SIOUX FALLS, S.D. (AP) — A South Dakota pork processing plant will partially reopen Monday after shuttering for more than two weeks because of a coronavirus outbreak that infected hundreds of employees, a union that represents plant workers said Friday.
Smithfield Foods asked about 250 employees to report to the plant on Monday to staff two departments — ground seasoned pork and night cleanup, according to the United Food and Commercial Workers union local. The union said it was informed Thursday about the partial reopening.
The Virginia-based company asked that employees who are sick or who might be more susceptible to severe illness and death from the virus — those over age 60 or who have existing health problems — to stay home, according to the union. For most people, the new coronavirus causes mild or moderate symptoms, such as fever and cough that clear up in two to three weeks.
Smithfield Foods did not immediately return a request for comment.

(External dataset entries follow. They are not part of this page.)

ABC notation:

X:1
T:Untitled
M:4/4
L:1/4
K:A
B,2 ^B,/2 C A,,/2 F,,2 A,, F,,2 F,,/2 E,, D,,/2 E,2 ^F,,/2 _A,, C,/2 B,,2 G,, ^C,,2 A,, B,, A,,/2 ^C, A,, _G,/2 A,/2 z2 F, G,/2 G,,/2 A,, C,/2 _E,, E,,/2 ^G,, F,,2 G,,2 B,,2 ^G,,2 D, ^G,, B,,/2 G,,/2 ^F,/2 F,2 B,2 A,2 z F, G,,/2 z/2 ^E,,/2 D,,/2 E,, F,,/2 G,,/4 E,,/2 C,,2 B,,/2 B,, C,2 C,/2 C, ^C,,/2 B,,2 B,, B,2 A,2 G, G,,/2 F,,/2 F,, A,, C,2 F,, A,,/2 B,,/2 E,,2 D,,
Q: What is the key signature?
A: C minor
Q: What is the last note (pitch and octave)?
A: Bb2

More than 800 employees of the Sioux Falls plant have tested positive for the coronavirus and two have died. The plant employs about 3,700 people and produces roughly 5% of the nation’s pork supply. The number of COVID-19 infections is likely higher because only people with symptoms have been tested and studies suggest people can be infected without feeling sick
The South Dakota plant is just one of many around the nation that have temporarily closed due to outbreaks. It also isn’t the only one to announce plans to resume operations since President Donald Trump this week issued an executive order that plants must stay open.
Arkansas-based Tyson Foods said Friday that its Logansport, Indiana, pork processing plant also will reopen Monday. It’s been closed since last Saturday. All employees received testing, the Indianapolis Star reported, but Tyson did not disclose how many tested positive.
“We toured the plant and feel the additional measures implemented will allow employees to work safely, while continuing to follow (Centers for Disease Control and Prevention) guidelines and recommendations,” Dori Ditty, the health officer for the county where the plant is located, said in a statement.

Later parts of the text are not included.